> **YOUR TASK**:
Would you print out all of the data exactly and keep the pictures out of it?

Stored dataset items:
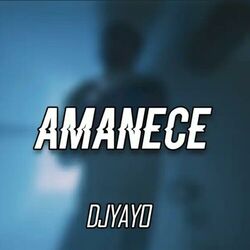 Cover of Amanece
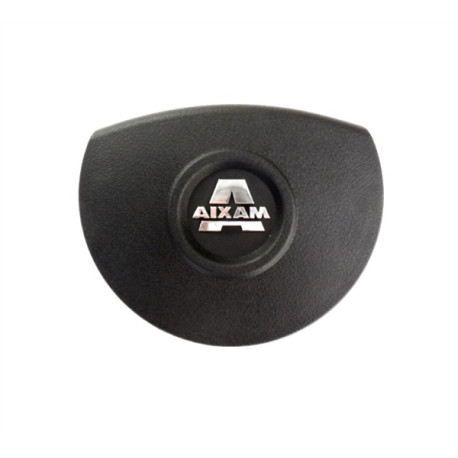 4AA030 STEERING WHEEL COVER CAP AIXAM 400 500 A.721 741 SCOUTY CROSSLINE CITY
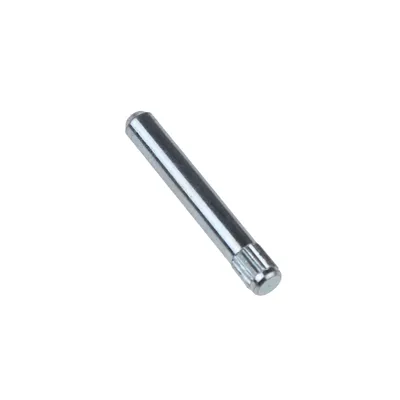 Produktbild von SEB - Hinterrad mit Achse - SS2230002508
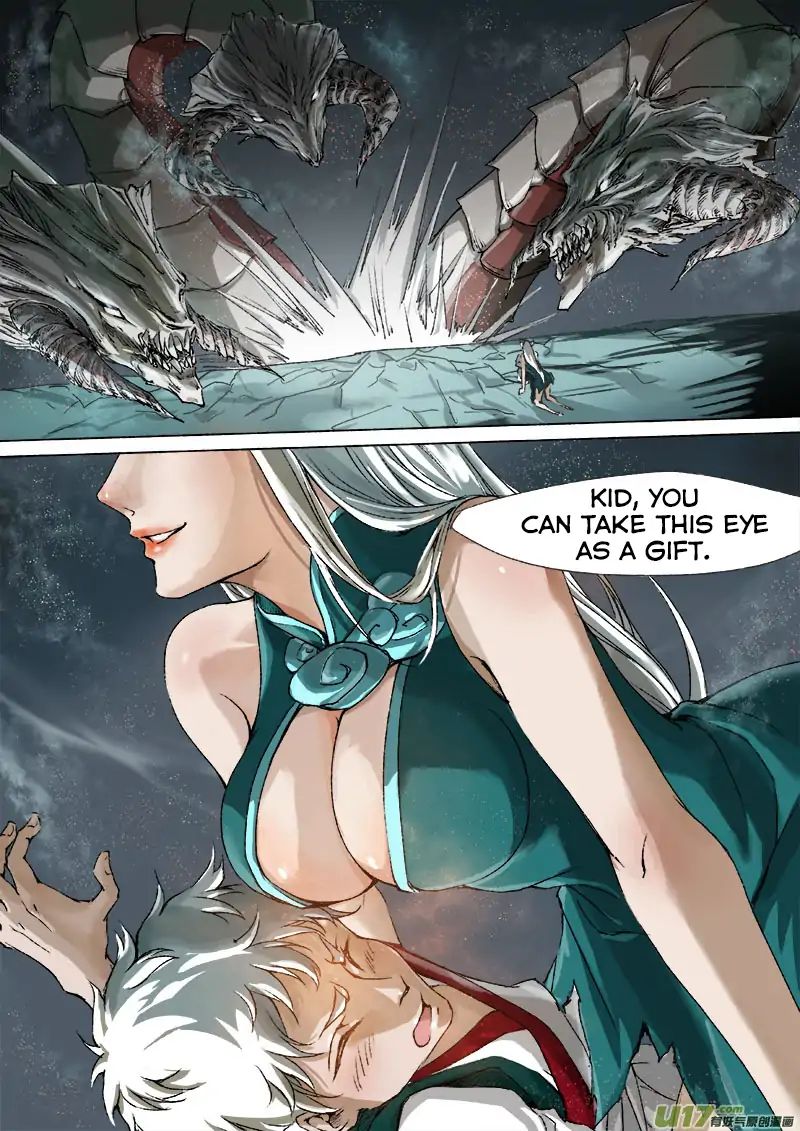 Page 5 of Chapter 32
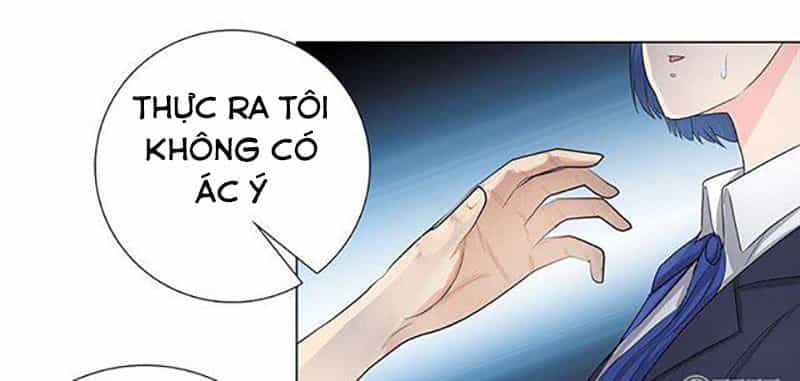 Học Viện Cao Thủ - Chương 102 - ảnh 27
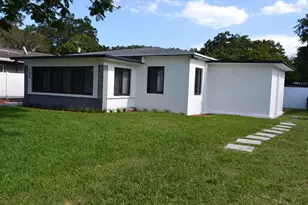 940 SW 28th St, Fort Lauderdale, FL 33315 - Photo 45
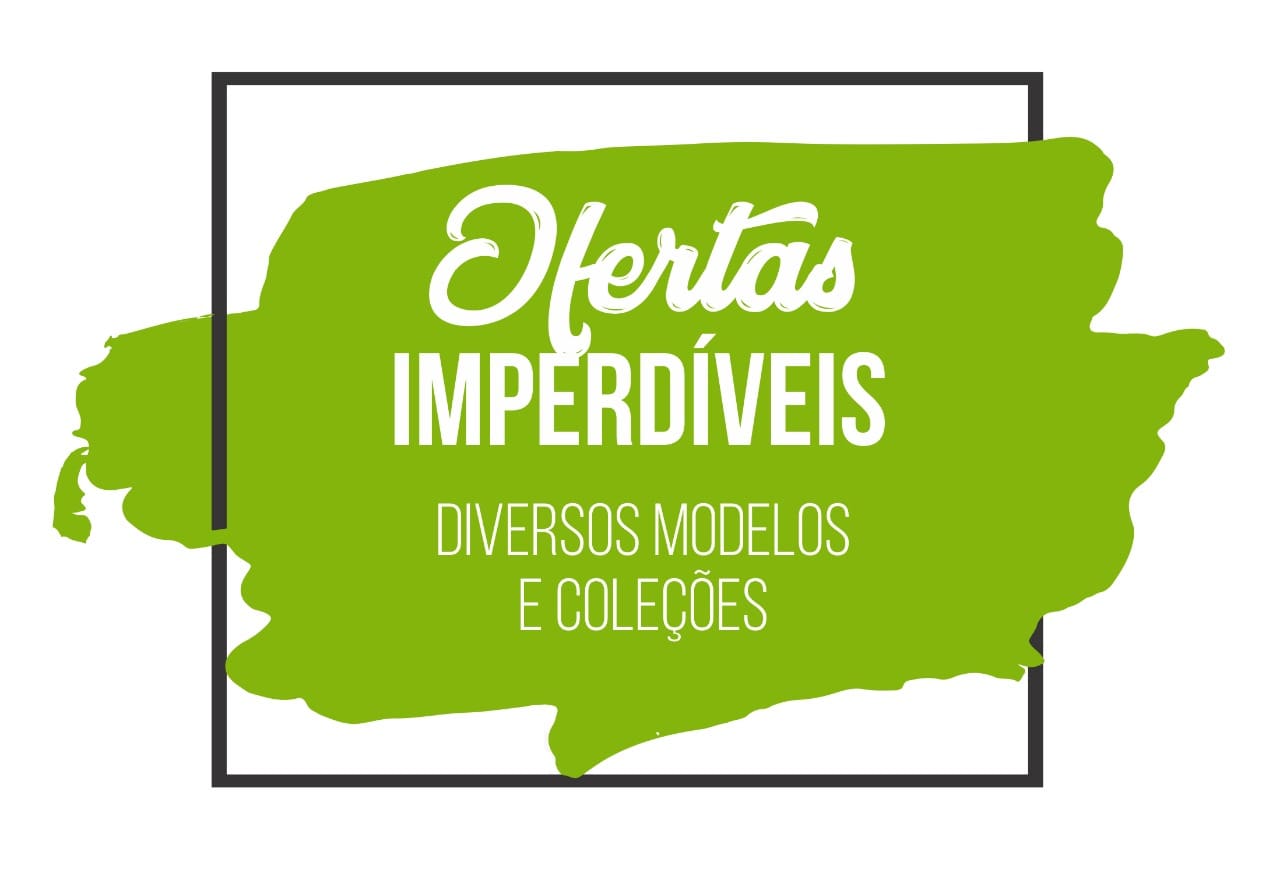 Persianas em Promo&ccedil;&atilde;o Tutti Decor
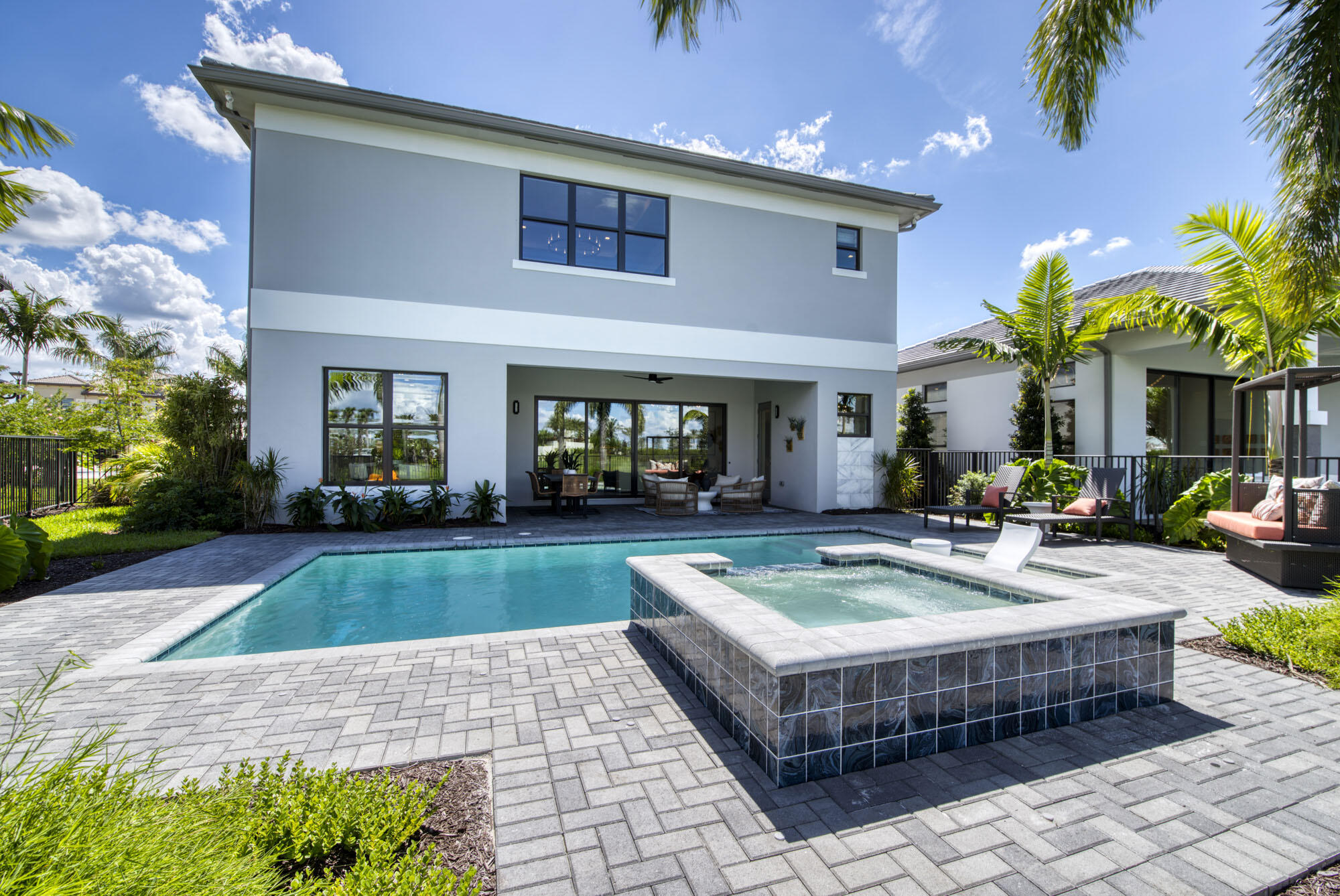 MLS #R11137565 image #56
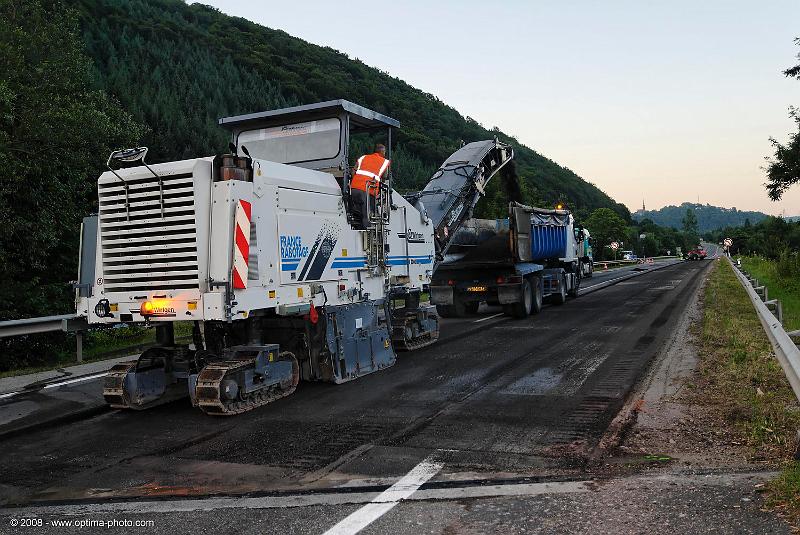 Urmatt 2008-07-24 - 11.JPG
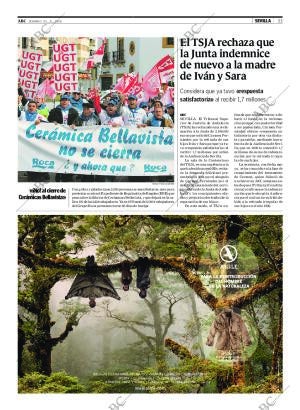 ABC SEVILLA 30-11-2008 página 33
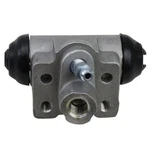 072-9903 Beck Arnley Wheel Cylinder Rear Passenger Right Side Hand For Honda Fit. Fixed Price $30.21.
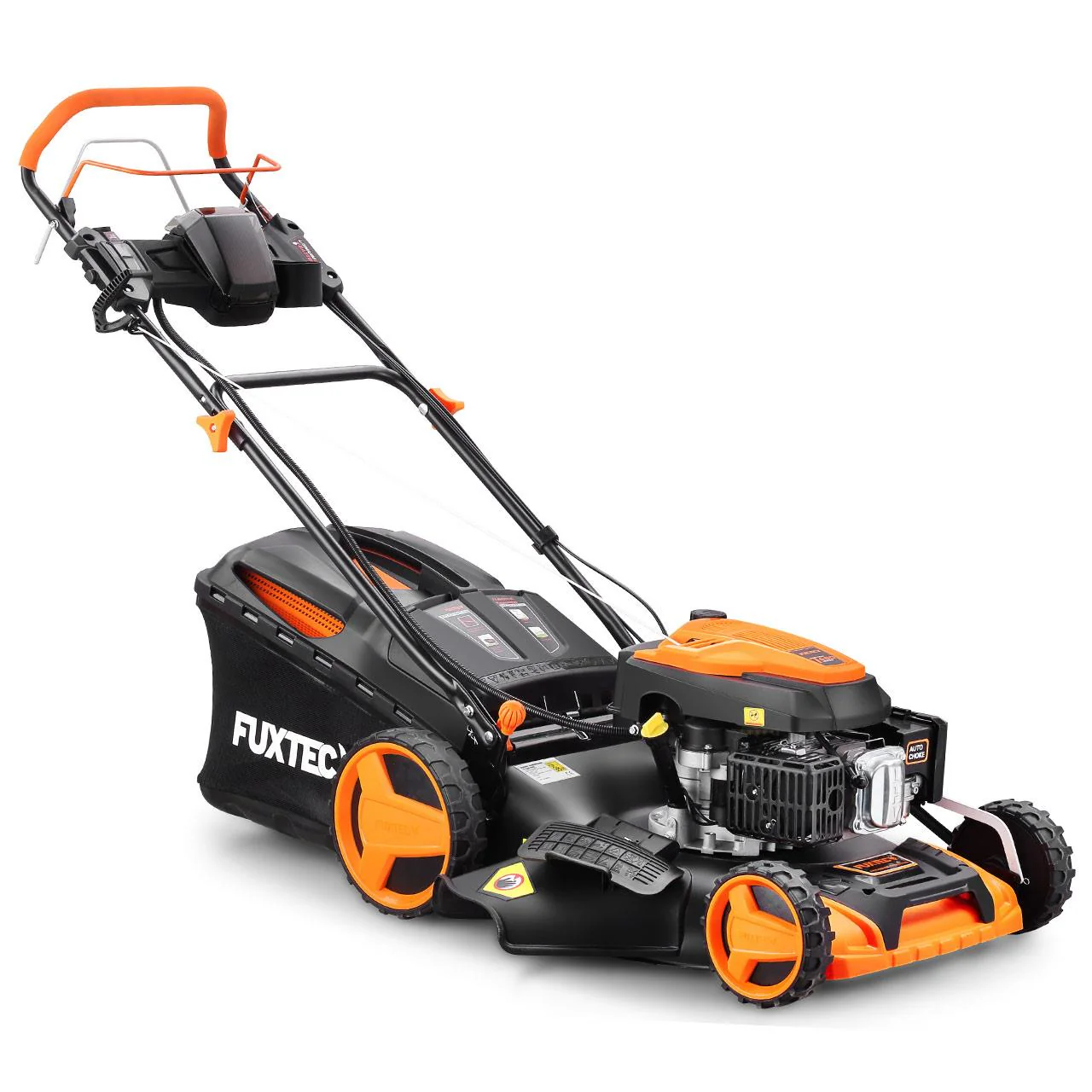 Imagen del producto 11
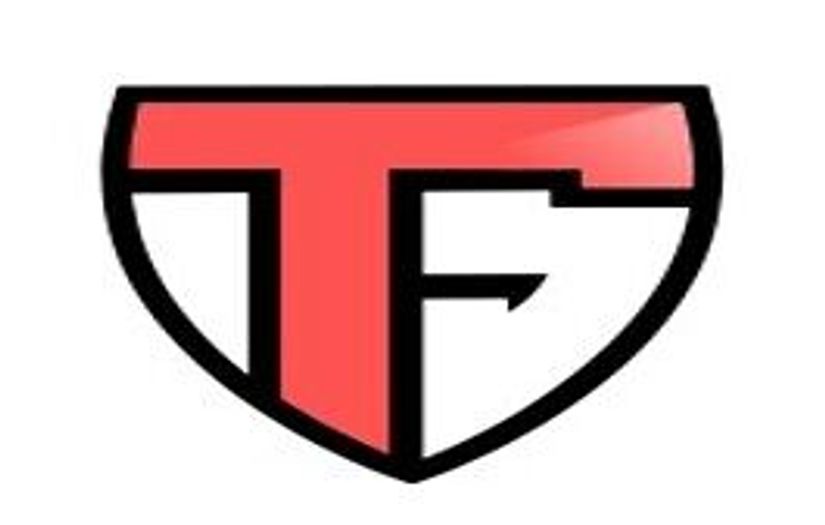 TeamSportz screenshot 1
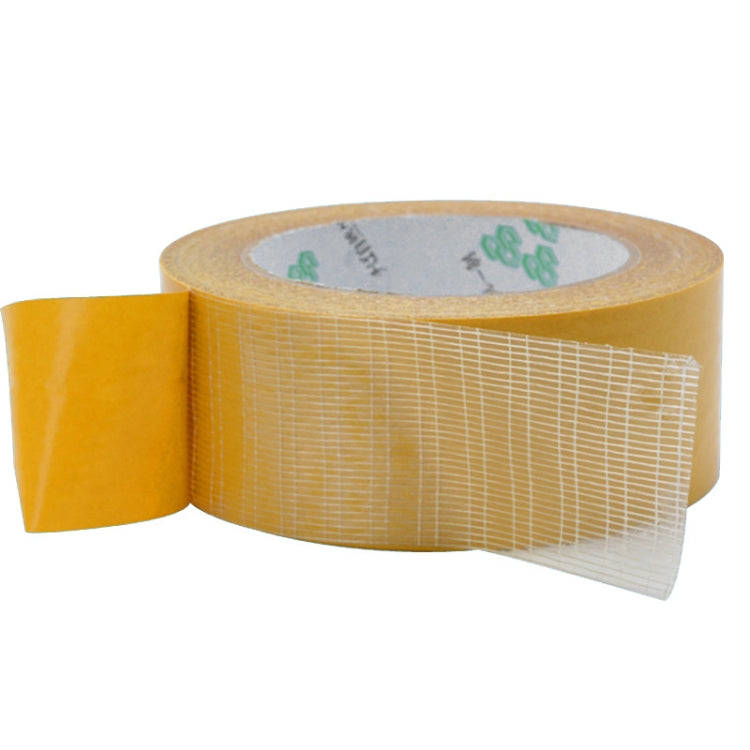TBD0602236003_B1.jpg@c2880b4960a8059d8490e406a645f4b3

> **EXERCISE RESPONSE**:
 Cover of Amanece
 4AA030 STEERING WHEEL COVER CAP AIXAM 400 500 A.721 741 SCOUTY CROSSLINE CITY
 Produktbild von SEB - Hinterrad mit Achse - SS2230002508
 Page 5 of Chapter 32
 Học Viện Cao Thủ - Chương 102 - ảnh 27
 940 SW 28th St, Fort Lauderdale, FL 33315 - Photo 45
 Persianas em Promo&ccedil;&atilde;o Tutti Decor
 MLS #R11137565 image #56
 Urmatt 2008-07-24 - 11.JPG
 ABC SEVILLA 30-11-2008 página 33
 072-9903 Beck Arnley Wheel Cylinder Rear Passenger Right Side Hand For Honda Fit. Fixed Price $30.21.
 Imagen del producto 11
 TeamSportz screenshot 1
TBD0602236003_B1.jpg@c2880b4960a8059d8490e406a645f4b3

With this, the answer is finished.